Other Methods#

Overview#

This section describes additional utility methods provided by cuSolverDx for efficient memory operations and data management.

copy_2d Methods#

copy_2d is a device function that efficiently transfers matrix data between shared and global memory. It supports both explicit thread count specification and operation-based configuration.

Function Signatures#

// Variant 1: Explicit thread count
template<int Threads, unsigned int M, unsigned int N, arrangement Arrange, unsigned int Batches = 1, class DataType>
__device__ void copy_2d(const DataType* src,
                        const int ld_src,
                        DataType* dst,
                        const int ld_dst);

// Variant 2: Operation-based configuration
template<class Solver, unsigned int M, unsigned int N, arrangement Arrange, unsigned int Batches = 1, class DataType>
__device__ void copy_2d(const DataType* src,
                        const int ld_src,
                        DataType* dst,
                        const int ld_dst);

Parameters#

Threads: Number of threads participating in the copy operation
Operation: The solver operation type that defines thread count and leading dimensions
M: Number of rows in the matrix
N: Number of columns in the matrix
Arrange: Matrix arrangement (row_major or col_major)
Batches: Number of batches per CTA to process (default: 1)
DataType: The data type of the matrix elements
src: Pointer to the source matrix
ld_src: Leading dimension of the source matrix
dst: Pointer to the destination matrix
ld_dst: Leading dimension of the destination matrix

Function Variants#

The copy_2d functions offer two variants:

Explicit thread count specification for fine-grained control
Operation-based configuration that uses the operation’s thread count

Note

The copy is done cooperatively.
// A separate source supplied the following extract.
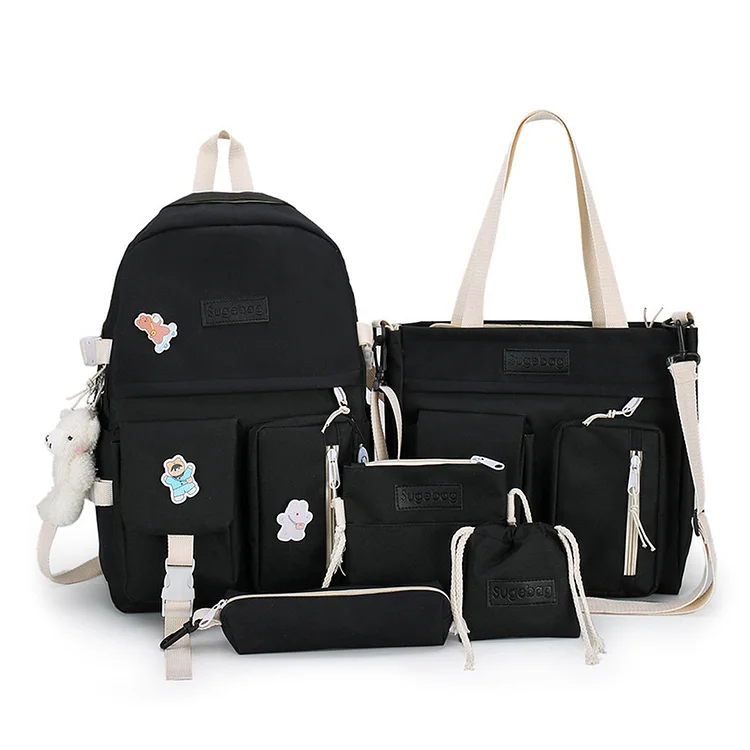 5pcs/set Woman Backpack Fashion Casual School Bags Canvas for Vacations (Black)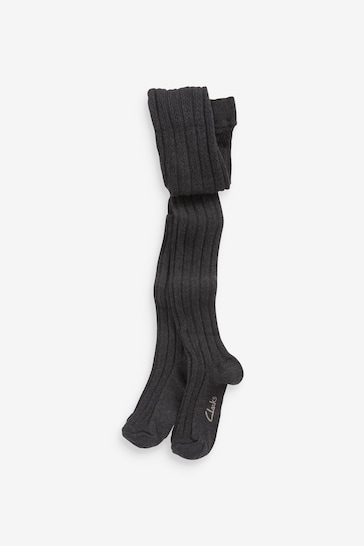 Clarks Grey Ribbed Tights 2 Pack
All threads, indicated either by Threads or by Solver::block_dim, will participate in the copy. The function takes into account of the alignment of the data type and attempts to vectorize the load and the store instructions when possible.

Data in src and dst has to be in shared or global memory. Copying to or from registers is not supported.

The function requires appropriate synchronization after use (typically __syncthreads()).

Usage Examples#

Basic Usage#

// Example 1: Using operation-based configuration of copy_2d functions
// copy from the global memory to shared memory
cusolverdx::copy_2d<Solver, M, N, cusolverdx::arrangement_of_v_a<Solver>, Solver::BatchesPerBlock>(Ag, lda_g, As, lda_s);
__syncthreads();

// run the solver functions
Solver::execute(As, lda_s, ...);

// copy from the shared memory to the global memory
__syncthreads();
cusolverdx::copy_2d<Solver, M, N, cusolverdx::arrangement_of_v_a<Solver>, Solver::BatchesPerBlock>(As, lda_s, Ag, lda_g);

Using Wrapper Functions#

// Example 2: Using a set of convenient wrapper functions of copy_2d provided in example/common/device_io.hpp
# include "example/common/device_io.hpp"

common::io<Solver, Solver::BatchesPerBlock>::load_a(Ag, lda_g, As, lda_s);
common::io<Solver, Solver::BatchesPerBlock>::load_b(Bg, ldb_g, Bs, ldb_s);

// run the solver functions
Solver::execute(As, lda_s, ...);

// Store results back to global memory
common::io<Solver, Solver::BatchesPerBlock>::store_a(As, lda_s, Ag, lda_g);
common::io<Solver, Solver::BatchesPerBlock>::store_b(Bs, ldb_s, Bg, ldb_g);